Plato and the Athenian Oligarchs were well aware of the value of religion as an instrument of class domination. And Plato in his ‘Republic" advocated for this purpose the "noble lie". Plato advocated setting it in some distant past where it could not be verified, at a time when the gods created social distinctions or as Plato put it "how can we contrive one of those expedient falsehoods….. one noble falsehood which we may persuade the whole community, including the rulers to accept" This falsehood being that human beings were not born the same, that some had gold in their essence, others silver and the lower orders had only bronze and that the gods had made it so.

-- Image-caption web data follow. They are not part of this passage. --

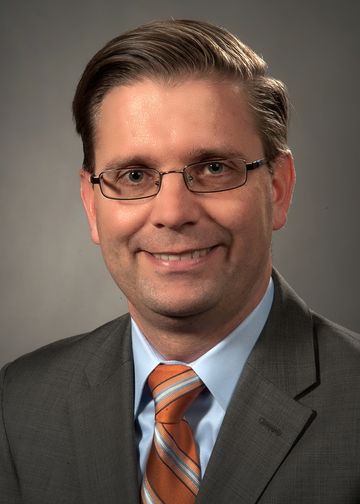 Kristofer Smith, MD, wearing a brown suit and orange tie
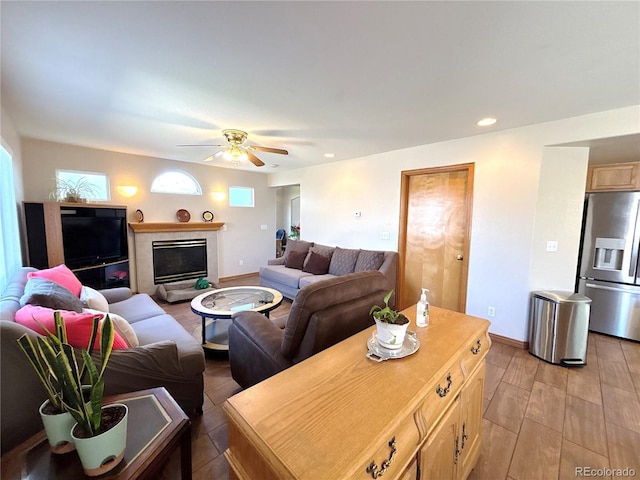 2835 S Tower Way, Aurora, CO 80013 - living room featuring a ceiling fan, a fireplace, light wood-type flooring, baseboards, and recessed lighting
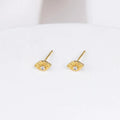 Gold-plated Evie Post Earrings by Shlomit Ofir, featuring delicate eye-shaped studs with clear cubic zirconia accents.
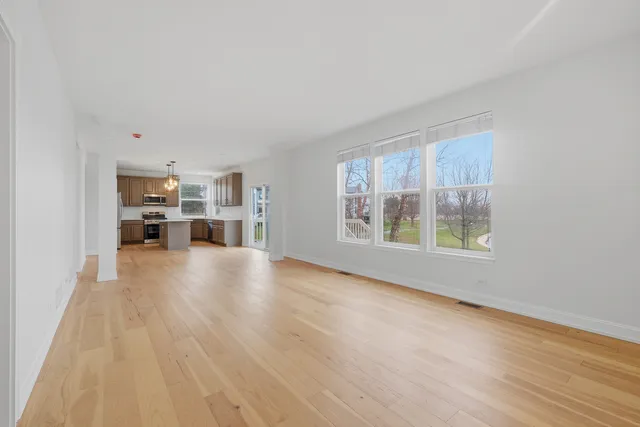 a view of empty room with wooden floor and windows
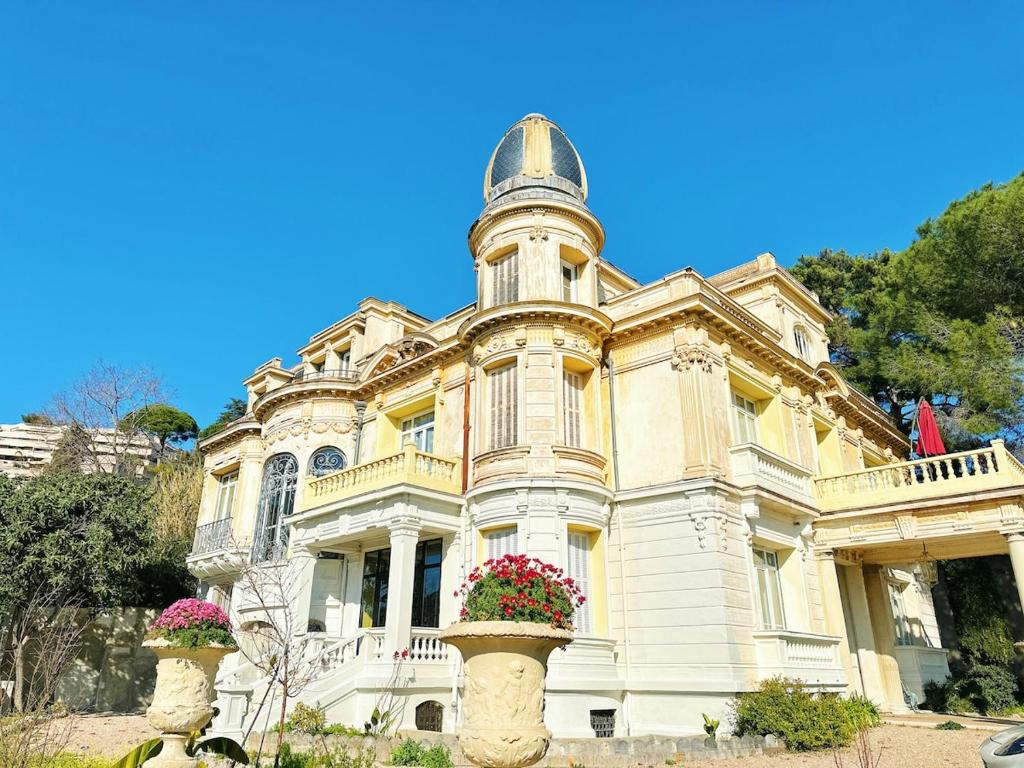 une vieille maison avec deux pots de fleurs devant elle dans l'établissement Villa Monique-Parking free, à Nice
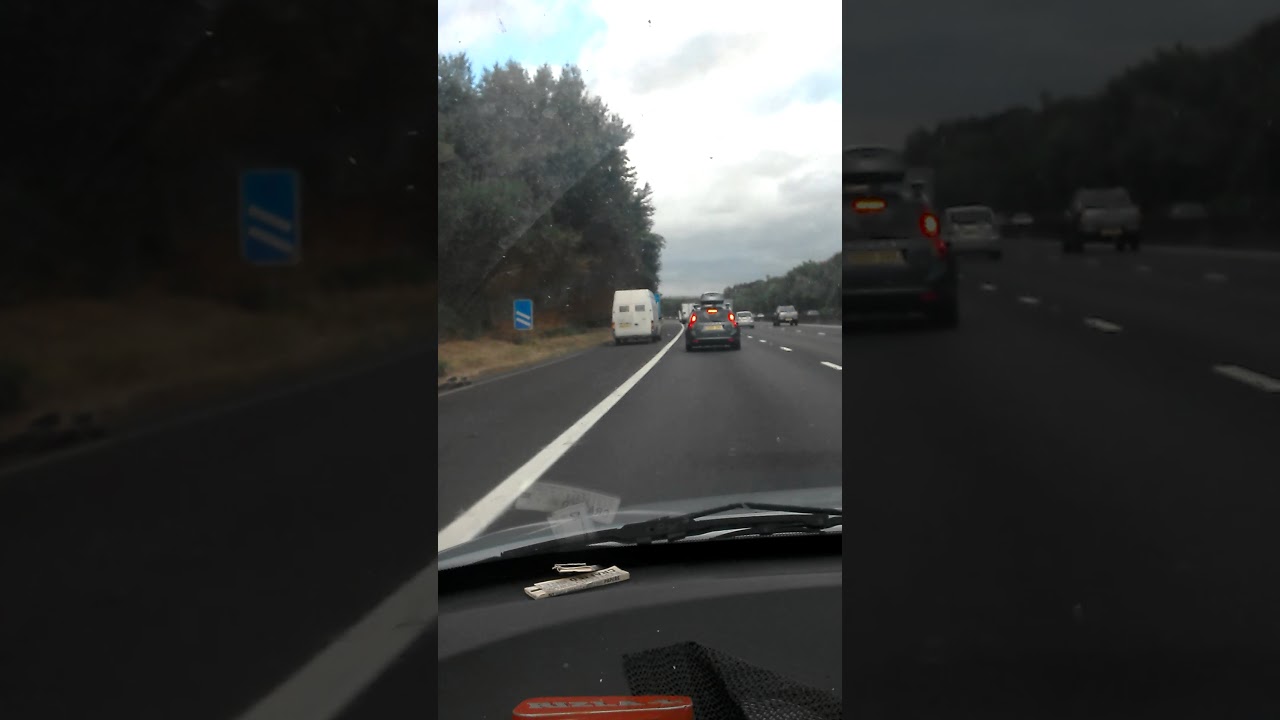 driver on hard shoulder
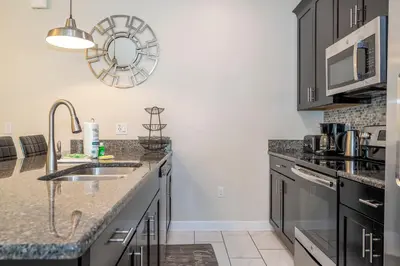 a kitchen with a sink and a microwave at Opulent 5 BR Villa Private Pool - 12 Guests - 3085 TS in Kissimmee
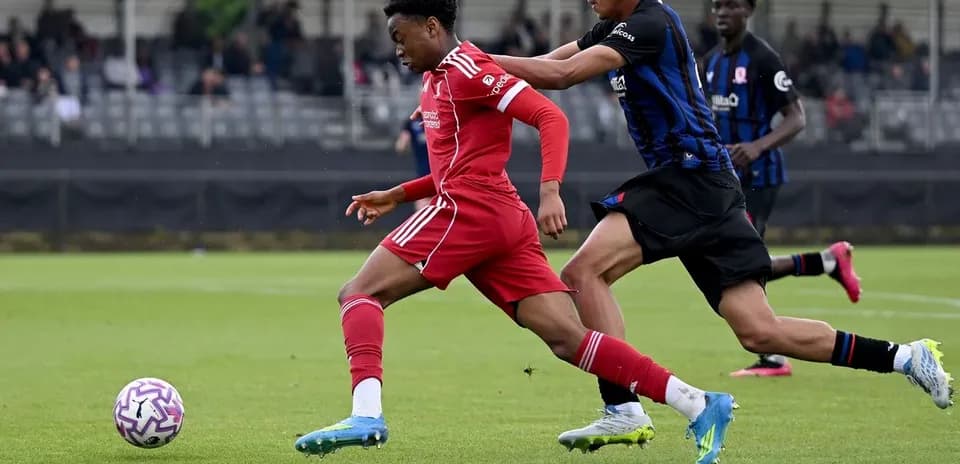 Player in red dribbling past opponent in blue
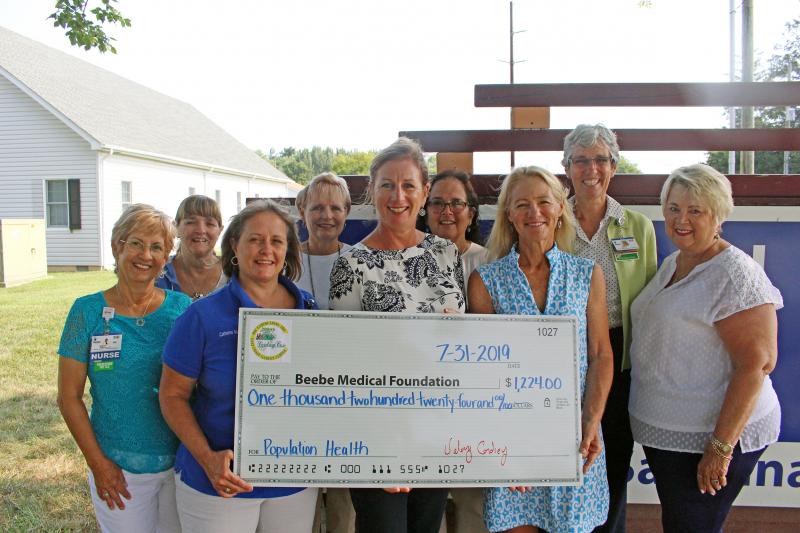 Check presentation attendees are (l-r) Mary Summerville, RN; Barbie Robets, administrative secretary; Catherine Murphy, MSN, RN; Stephanie Williams, RN, Kim Blanch, RN, community services manager; Kathi Fryling, food services; Valery Cordrey of East Coast Garden Center; Diane Barlow, Beebe Medical Foundation gift officer; and Ronni Smith, RN. SUBMITTED PHOTO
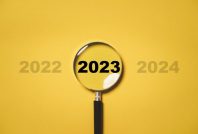 2023 year inside of magnifier glass among 2022 and 2023 for focu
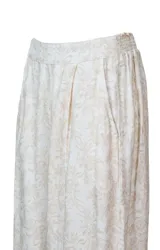 Pantalón largo de playa con estampado floral en tonos naranja, marrón y verde sobre fondo blanco. Confeccionado en tejido ligero y fluido.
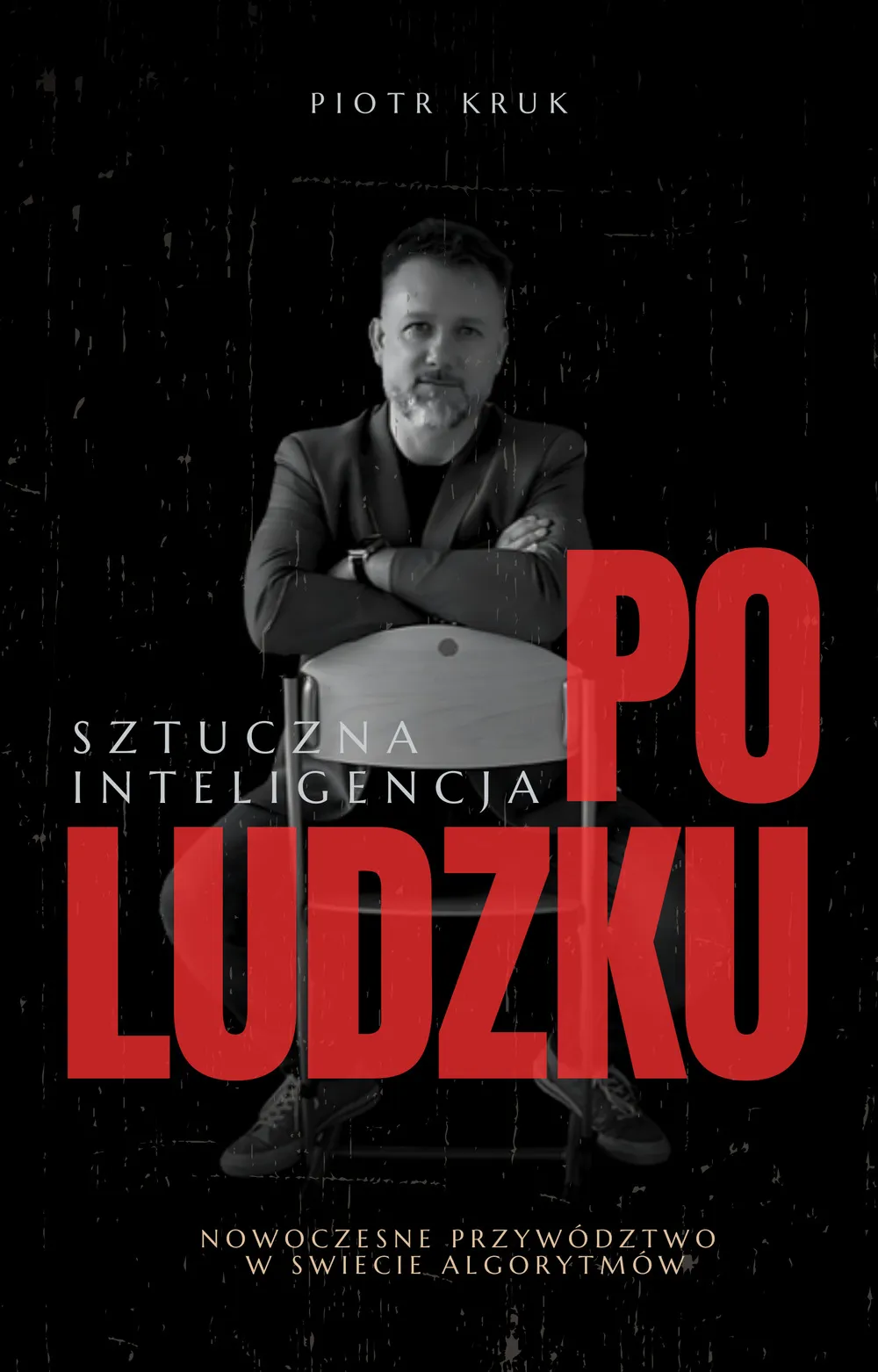Okładka e-booka „Sztuczna inteligencja po ludzku” — Piotr Kruk siedzi okrakiem na krześle na czarnym tle, tytuł złożony czerwonymi wersalikami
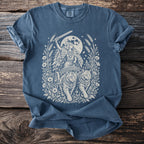 Valkyrie in chariot pulled by cats, sword raised, under full moon.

Aristotle, his successor, gave theology its name. He put the earth back as the centre of the universe reversing Plato. He argued that a non material spirit alone could cause the eternal substance that moved the stars without itself being moved.

Christian theology plundered Plato and Aristotle and they have been very helpful to ruling classes ever since. The rise of Christianity and its ascension to a state religion in the early 300s CE blotted out the advances of the Greek materialists and scientists replacing it with dogma and theology. For a thousand years in the so called dark ages the Catholic Church stood in the way of social advance in its role as the main ideological prop for the feudal ruling classes.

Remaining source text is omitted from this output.